I have been a volunteer with a Human Trafficking organization, Rescue Innocence (http://www.rescueinnocence.org/) for the past year, and my total outlook on “spicy” sex movies has now taken on a new dimension. I am not only concerned for the young women of our world, I am also concerned for the young men as well! I’ve watched young woman after woman voice her opinion on this new movie coming out on Valentine’s Day. I’ve listened to their laughs and giggles and heard them say that they can’t wait for it to be on the big screen. Do we really want to portray ourselves as a society that thinks it is okay to idolize a sociopathic pervert? Really? Do we really want to portray ourselves as people who think it is okay for a man to sexually dominate a young, impressionable woman?

After reading all the comments on Facebook, it dawned on me, a lot of the young women posting comments are women with small children. Then it hit me! This is what we are portraying to our children and how they see our society. We teach our children values and how to treat other human beings in life but, what happens when they watch us be okay with media that portrays women as sex slaves?

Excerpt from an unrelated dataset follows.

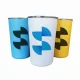 Sublimation cup with plastic wrap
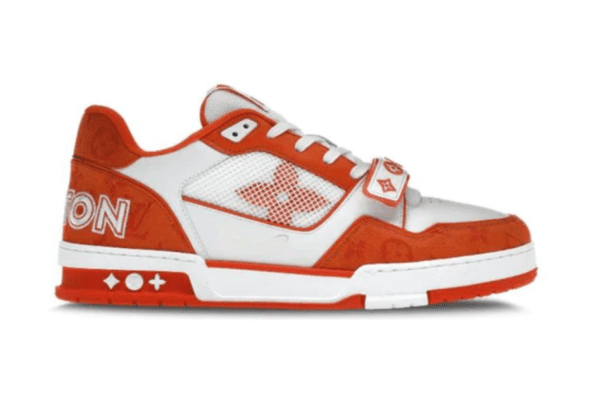 Louis Vuitton Trainer Monogram Denim Orange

Do our young children see us as Christians with values, or do they see us as Christians with a twisted moral system? How will our children evolve into God loving individuals in our future?

Since I’ve only been a practicing Christian for over a year and a half, my faith has grown beyond anything I could have comprehended. My faith is so dear to me, I guard it and I am careful of who I am in the company of and how I portray myself to others.

I am not a Prude!
I am a Child of God. I am a Christian!

I love the Lord with all my heart and soul, and when I portray myself as anyone other than a Christ centered human being, all I am doing is hurting God. This beautiful God who breathed life into me, forgave me and granted me grace on the Cross is my Lord and Savior! I have to protect my soul and I have to protect how I portray myself as a Christian. I will not be seeing Fifty Shades of Grey. Yes, it is my choice  just as it is the choice of others whether they go to see this film or not.

I hope that more woman and men will come together and realize the plot behind Fifty Shades of Grey. My hope is that men will realize they do not want to be represented by a character in a story that does not respect God’s women here on earth!

I pray that Fifty Shades of Grey is not setting a precedent of who we are becoming, and how we are teaching the children of our future.